Und hier kommt der Satz, den man an den Kühlschrank hängen sollte: „Ein Partner kann nicht gleichzeitig Liebhaber, bester Freund, Therapeut, Familie und einzige Unterhaltungsquelle sein.” Dasselbe gilt in die andere Richtung - ein Kind soll nicht zur emotionalen Hauptstütze der Eltern werden. Bei uns ist das Zweite beinahe Tradition, und niemand nennt es ein Problem.

Man sollte präzise sein, was diese Studien sagen können und was nicht. Alle sind Beobachtungsstudien - sie zeigen Zusammenhänge, sie beweisen keine Ursache. Doch die Wiederholbarkeit des Ergebnisses über Hunderte Studien hinweg macht es ernst. Die Psychiaterin erklärt den Mechanismus so: Der andere schützt uns nicht nur, weil er einen Rat gibt oder uns zum Arzt begleitet, sondern weil die Welt weniger bedrohlich wirkt, wenn wir uns zugehörig fühlen.

Der praktische Teil ist enttäuschend einfach, und genau deshalb tut ihn niemand. Rituale: ein wöchentlicher Anruf, einmal im Monat ein Mittagessen, die Wiederaufnahme des Kontakts zu jemandem, der einem etwas bedeutet hat. Beziehungen scheitern selten an einem großen Streit - sie scheitern an einer Reihe kleiner Abwesenheiten. Technik hilft, ersetzt aber nicht: Eine Nachricht hält eine Verbindung am Leben, sie gibt aber nicht die Möglichkeit, die Stimme zu hören, Gesten zu sehen und Stille zuzulassen.

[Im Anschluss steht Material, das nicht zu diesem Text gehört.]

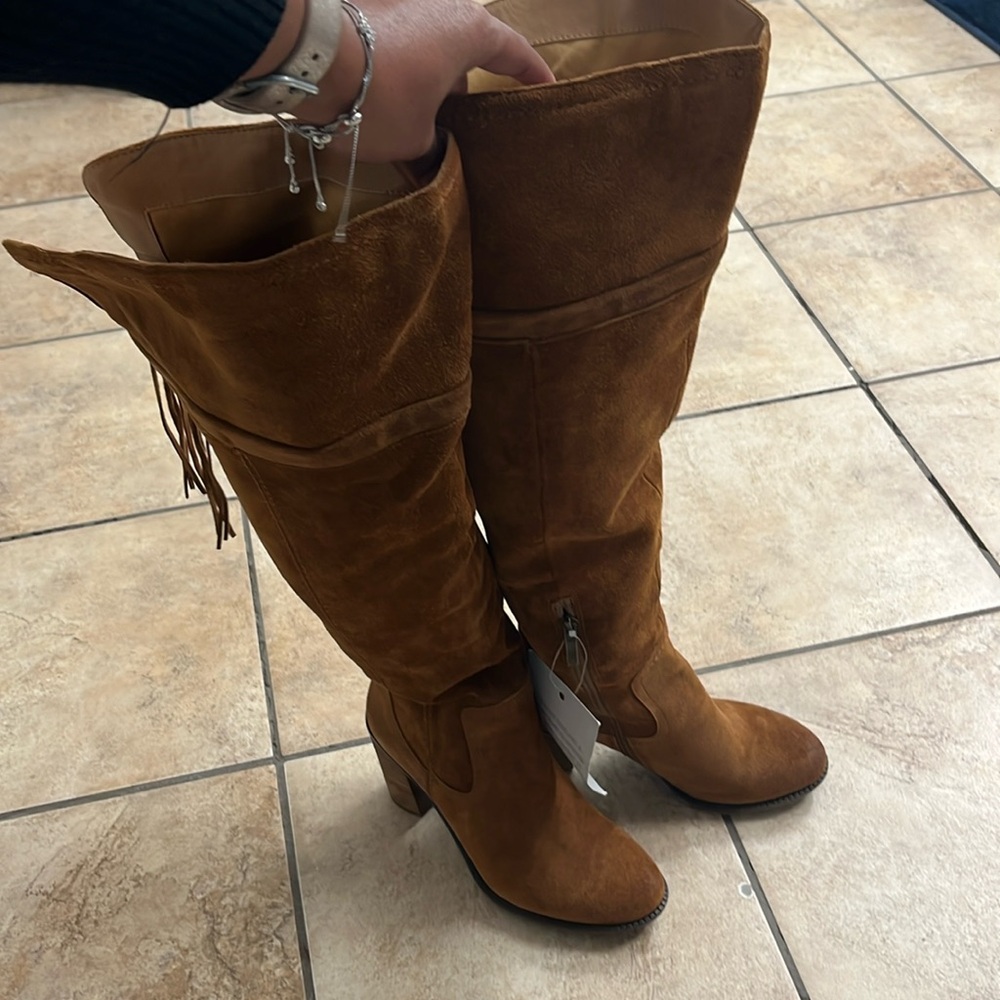 Tan/camel suede over the knee boots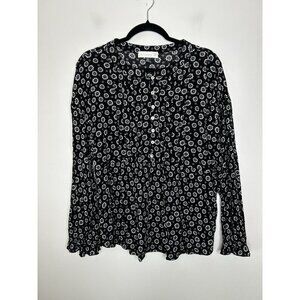 Weekend Suzanne Betro Tunic Top Boho Festival Floral Print Drapey Size 2X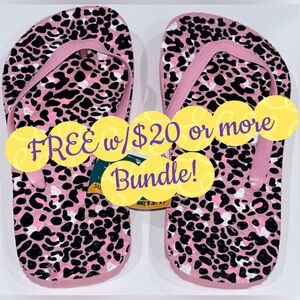 FREE w/$20 Bundle! Girls Pink/Black/White, Leopard, Flip Flops. Med 13/1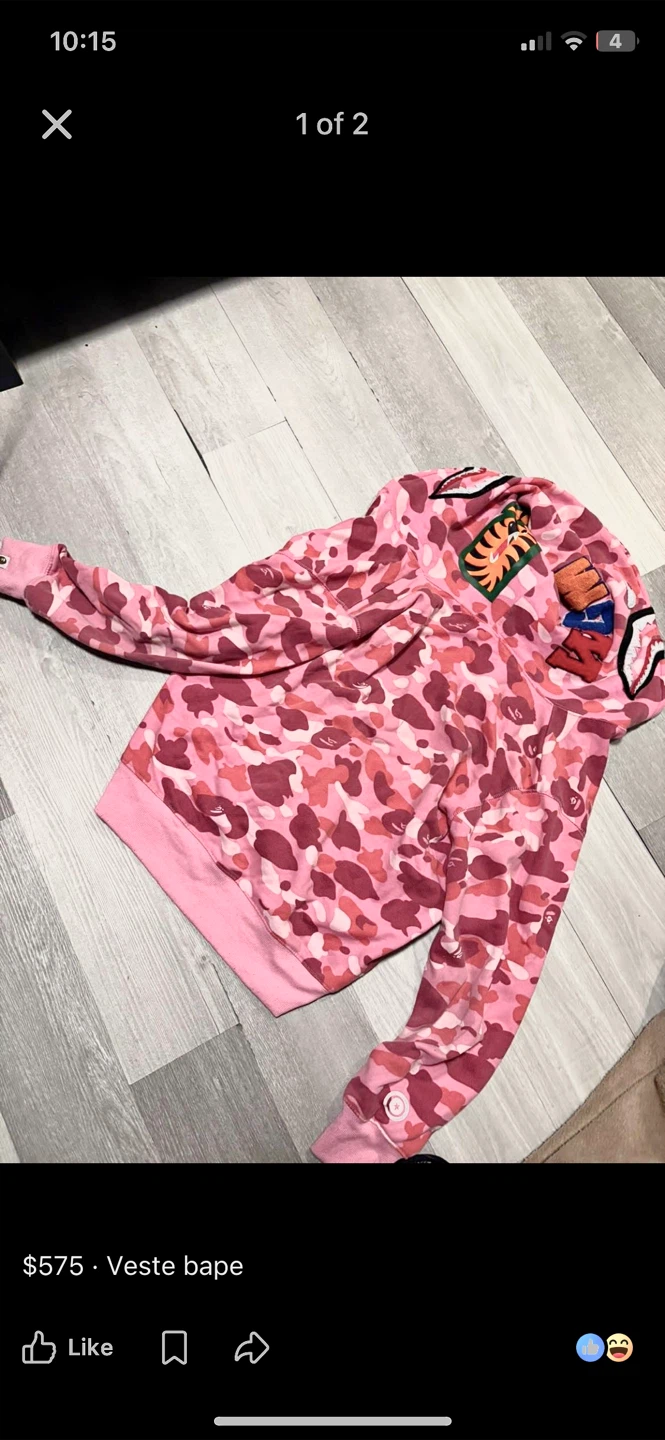 BAPE Pink Camo Shark Full Zip Hoodie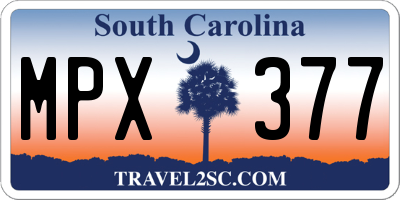 SC license plate MPX377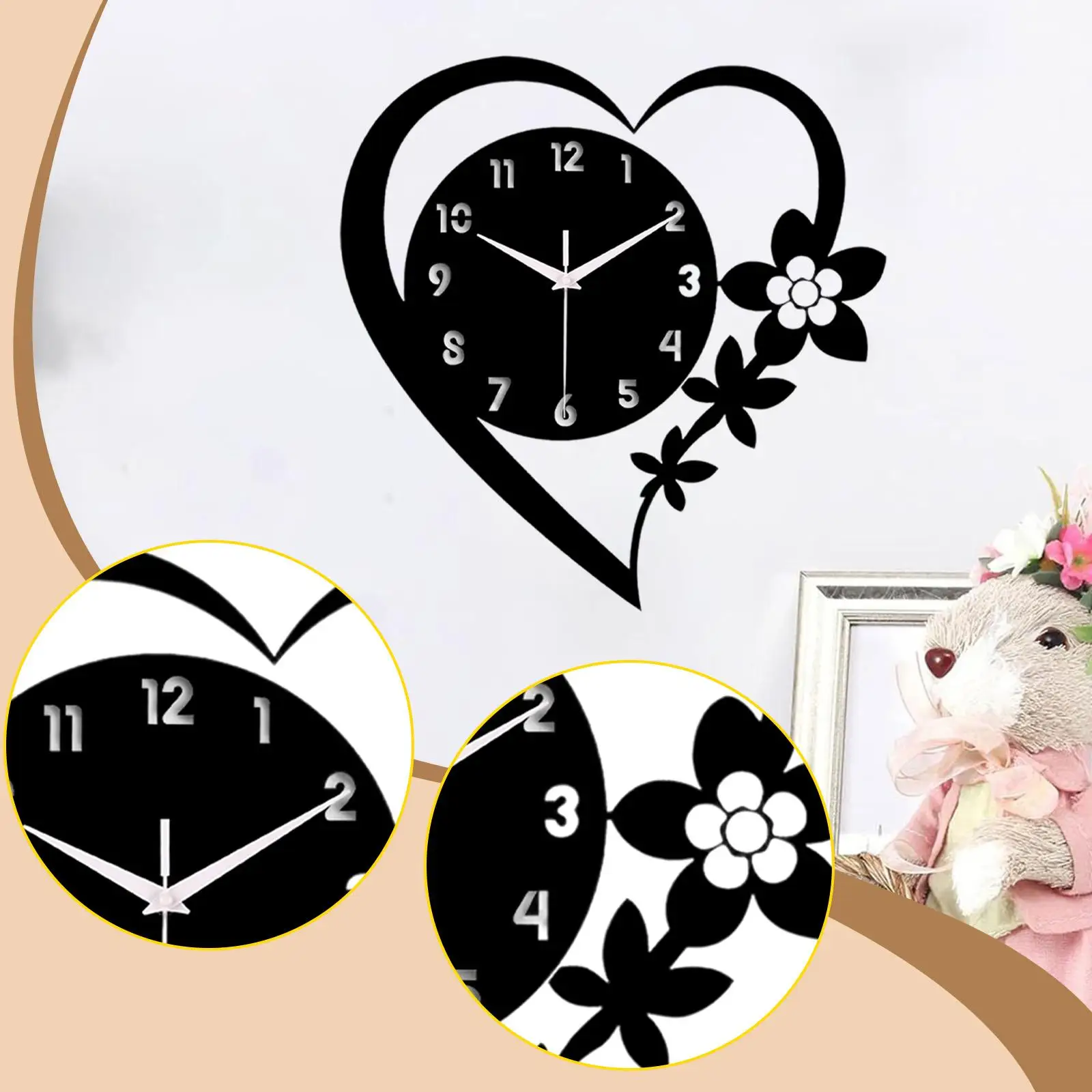 Designer Luxury Wall Clock Ornament Silent Sweep Room Decor Contemporary Decor for Home Bedroom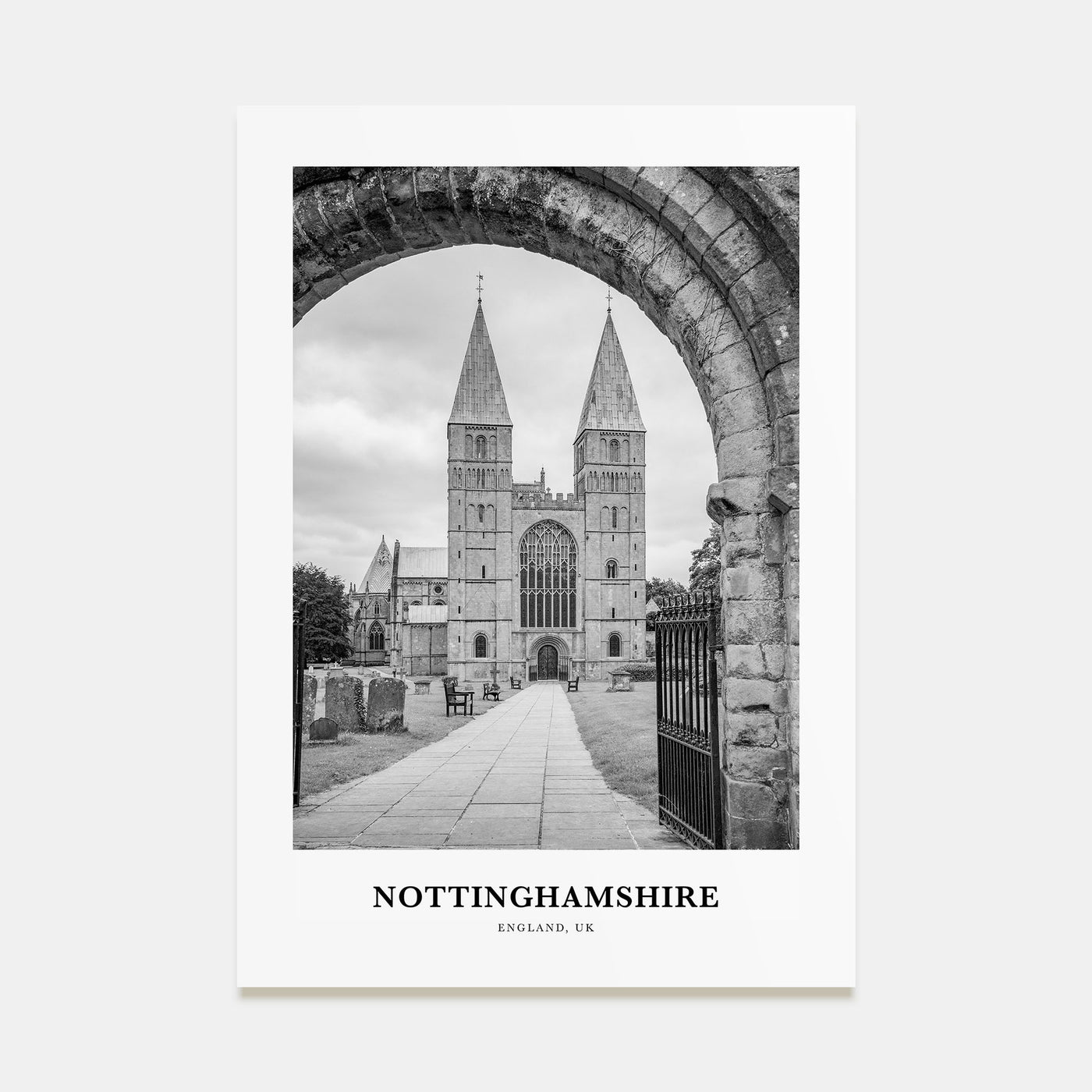 Nottinghamshire Portrait B&W Poster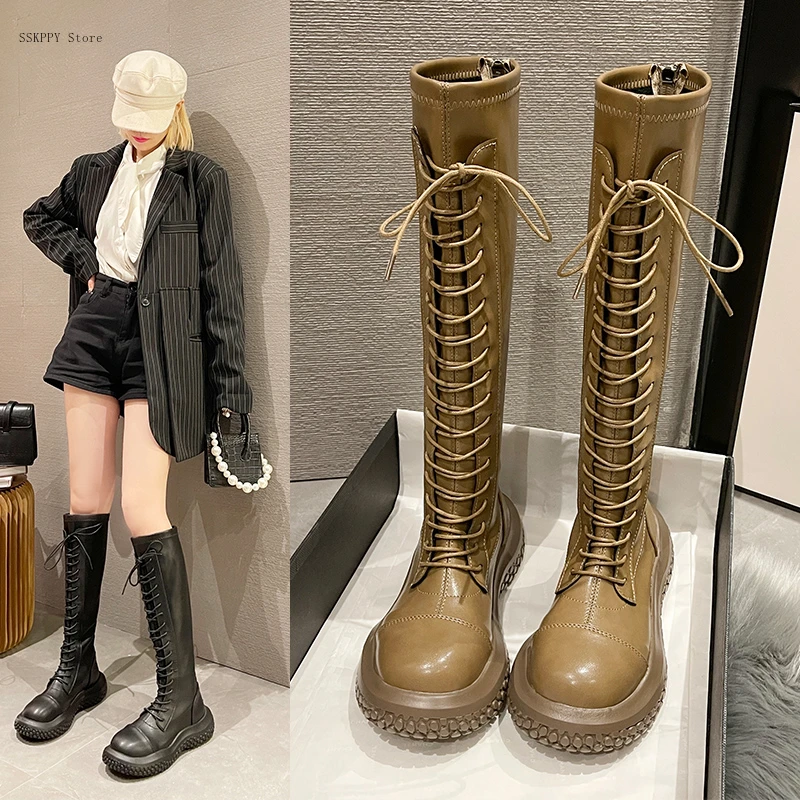 

Lace-up Boots Women 2022autumn and Winter Fashion New Style, But Knee-length Versatile, Comfortable and Elegant Long Boots Women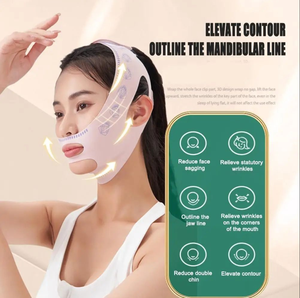 Masque Lifting Manuel V-Line et Bande Amincissante Menton/Joues Anti-Rides, Masque Facial de Sommeil pour la Beauté et la Santé - Product Image 1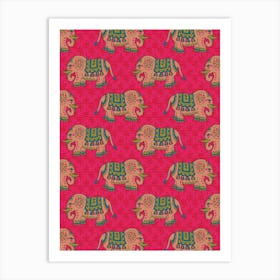 ELEPHANT PARADE Bohemian Exotic Jungle Animal in Fuchsia Hot Pink Blush Red Blue Green Art Print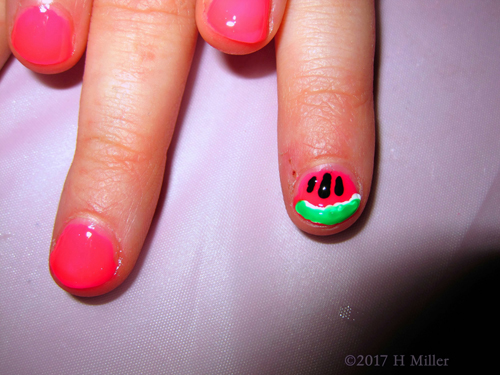 Hello, I Am A Baby Watermelon Kids Nail Design! Super Cool Manicure For Girls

„Eine gesunde Beziehung ist nicht die, in der wir nie frustriert sind, sondern die, die Unterschied, Grenze und Reparatur überstehen kann”, sagt Torres Jiménez. Der Schluss, mit dem sie das Thema beendet, lautet nicht, dass wir ständig von Menschen umgeben sein sollen, sondern dass wir wissen sollen: Es gibt Menschen, zu denen wir gehen können, Menschen, die zu uns kommen können, und Räume, in denen wir spüren, dass unser Leben einen Platz und einen Wert hat.